A rodeo association created by military members for military members is making it possible for those who serve to compete in the sport despite the challenges of military life. The Professional Armed Forces Rodeo Association (PAFRA) was formed in 2000 by three Air Force Master Sergeants and a retired Army Sergeant Major who shared a dream: to create a rodeo association that would offer servicemembers, veterans, and their families the high standards and community found in the military.
Eighteen years later, PAFRA is doing just that, while making it possible for military members and their families to continue rodeoing regardless of whether they’re stationed in the U.S. or overseas. Thanks to a unique partnership between PAFRA and several other rodeo associations, PAFRA members can compete in other associations’ competitions without having to be members of those associations.
“That’s those associations saying thank you to our men and women who serve and just being good rodeo partners,” says PAFRA president James Hastings.
Because military members frequently work on weekends and get deployed, their opportunities to compete in rodeos are limited.
“It is tough in this day and age to wear a uniform and a cowboy hat, with any consistency on that cowboy hat,” says Hastings.
That challenge prompted PAFRA to open their year-end championship rodeo to every PAFRA member, rather than having members qualify at rodeos throughout the year.
“That’s the advantage to us—we’re able to compete [at the PAFRA championships] equally despite all the hurdles we have to go over to get to rodeos,” says Hastings.
The PAFRA Championship Rodeo always begins with an opening ceremony that honors both the competitors and the servicemembers who are unable to attend. All the athletes enter the arena wearing the official PAFRA R.E.D. (Remember Everyone Deployed) shirt as a symbol of the their unity, as well as an acknowledgment of all the servicemembers currently deployed. Once the contestants are lined up in the arena, the Fort Riley Commanding General’s Mounted Color Guard performs the flag ceremony, representing the American Flag and the flags for each branch of the Armed Forces.
The pride and reverence in the arena are palpable as the Fallen Warrior Memorial Prayer begins. All non-mounted participants stand at attention and remove their headgear as a riderless horse is led into the arena fully tacked up, with a flag draped across the saddle and boots turned backwards in the stirrups. The competitors take a knee as the announcer describes how the riderless horse symbolizes those who made the ultimate sacrifice while serving their country. The ceremony concludes with the National Anthem, during which the competitors stand and salute.

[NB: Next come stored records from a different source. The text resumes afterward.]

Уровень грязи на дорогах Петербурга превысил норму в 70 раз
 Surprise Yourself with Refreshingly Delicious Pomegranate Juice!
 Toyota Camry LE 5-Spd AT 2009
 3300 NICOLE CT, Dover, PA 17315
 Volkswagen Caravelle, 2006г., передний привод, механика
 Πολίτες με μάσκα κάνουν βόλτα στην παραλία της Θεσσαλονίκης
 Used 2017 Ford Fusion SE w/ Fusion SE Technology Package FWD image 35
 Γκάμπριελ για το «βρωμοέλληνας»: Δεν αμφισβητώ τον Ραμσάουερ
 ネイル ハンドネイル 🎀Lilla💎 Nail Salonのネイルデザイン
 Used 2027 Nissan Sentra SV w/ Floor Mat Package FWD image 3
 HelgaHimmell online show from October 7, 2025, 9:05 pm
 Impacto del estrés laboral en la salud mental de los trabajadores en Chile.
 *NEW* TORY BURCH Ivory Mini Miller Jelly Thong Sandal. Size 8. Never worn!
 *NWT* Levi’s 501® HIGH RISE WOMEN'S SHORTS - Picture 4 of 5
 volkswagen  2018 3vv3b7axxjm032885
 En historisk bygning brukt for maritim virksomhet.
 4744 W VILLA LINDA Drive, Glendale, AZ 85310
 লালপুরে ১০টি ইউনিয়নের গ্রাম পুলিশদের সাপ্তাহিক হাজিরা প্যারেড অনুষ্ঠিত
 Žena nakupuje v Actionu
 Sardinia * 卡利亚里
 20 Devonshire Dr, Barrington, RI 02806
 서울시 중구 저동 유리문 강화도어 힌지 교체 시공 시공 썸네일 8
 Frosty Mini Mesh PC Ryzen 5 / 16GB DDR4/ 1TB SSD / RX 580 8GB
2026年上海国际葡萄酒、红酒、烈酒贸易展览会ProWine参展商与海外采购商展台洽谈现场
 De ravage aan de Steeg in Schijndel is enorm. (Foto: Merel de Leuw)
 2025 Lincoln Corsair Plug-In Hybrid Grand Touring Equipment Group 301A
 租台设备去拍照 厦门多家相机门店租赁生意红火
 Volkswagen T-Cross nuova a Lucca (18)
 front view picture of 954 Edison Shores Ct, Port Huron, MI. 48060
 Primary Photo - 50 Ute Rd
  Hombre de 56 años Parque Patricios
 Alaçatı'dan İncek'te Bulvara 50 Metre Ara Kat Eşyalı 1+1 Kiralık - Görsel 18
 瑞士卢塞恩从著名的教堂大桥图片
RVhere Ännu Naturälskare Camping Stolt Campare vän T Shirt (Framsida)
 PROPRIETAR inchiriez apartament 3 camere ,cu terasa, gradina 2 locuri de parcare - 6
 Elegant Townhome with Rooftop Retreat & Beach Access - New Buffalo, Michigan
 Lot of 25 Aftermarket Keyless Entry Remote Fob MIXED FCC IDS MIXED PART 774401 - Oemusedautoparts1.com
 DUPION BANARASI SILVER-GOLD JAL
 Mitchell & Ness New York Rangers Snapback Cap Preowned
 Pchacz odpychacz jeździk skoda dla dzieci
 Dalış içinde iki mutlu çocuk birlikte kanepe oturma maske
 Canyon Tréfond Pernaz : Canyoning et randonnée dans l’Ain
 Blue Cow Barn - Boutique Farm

“We honor all those who went before us. [The opening ceremony] is to recognize the ones riding and competing today but we put a big emphasis on those who went before us,” says Hastings.
Although the contestants are there to compete for championship titles, the atmosphere of the rodeo is far from cutthroat.
“When we’re all together [at the PAFRA Championships], it’s like the coolest family reunion you’ve ever been to. People who literally only see each other once a year, you’d think that they live next door to each other!” says Hastings.
Contestants swap gear, horses, and encouragement throughout the event.
“The barrel racer in the number one spot will be cheering just as loud for every girl that runs as she expects to be cheered for,” Hastings says. “Everybody is happy for each other and I think it really sets us apart. The brotherhood and the sisterhood of being warriors really changes the tone— it’s genuine.”
This camaraderie isn’t limited to the Championship. PAFRA members pitch in to help each other in any way they can, whether that means lending their equipment, hauling horses cross-country, or buying hay for a member who has fallen on hard times.
“I think one of the coolest benefits of being a member of PAFRA is things that we do internally for each other,” says Hastings. “We watch out for each other, we check in on each other on a regular basis.”
Military life means frequent moves, deployments, and hectic work schedules that can make it nearly impossible to compete in rodeo, even recreationally. A membership in the Professional Armed Forces Rodeo Association not only makes it possible for military members and their families to continue competing in the sport they love, but provides a support group that will be there for them regardless of where they’re stationed.
“We do everything we can to help facilitate folks being able to rodeo,” says Hastings. “We are absolutely here to help out our military, veterans, and their families.”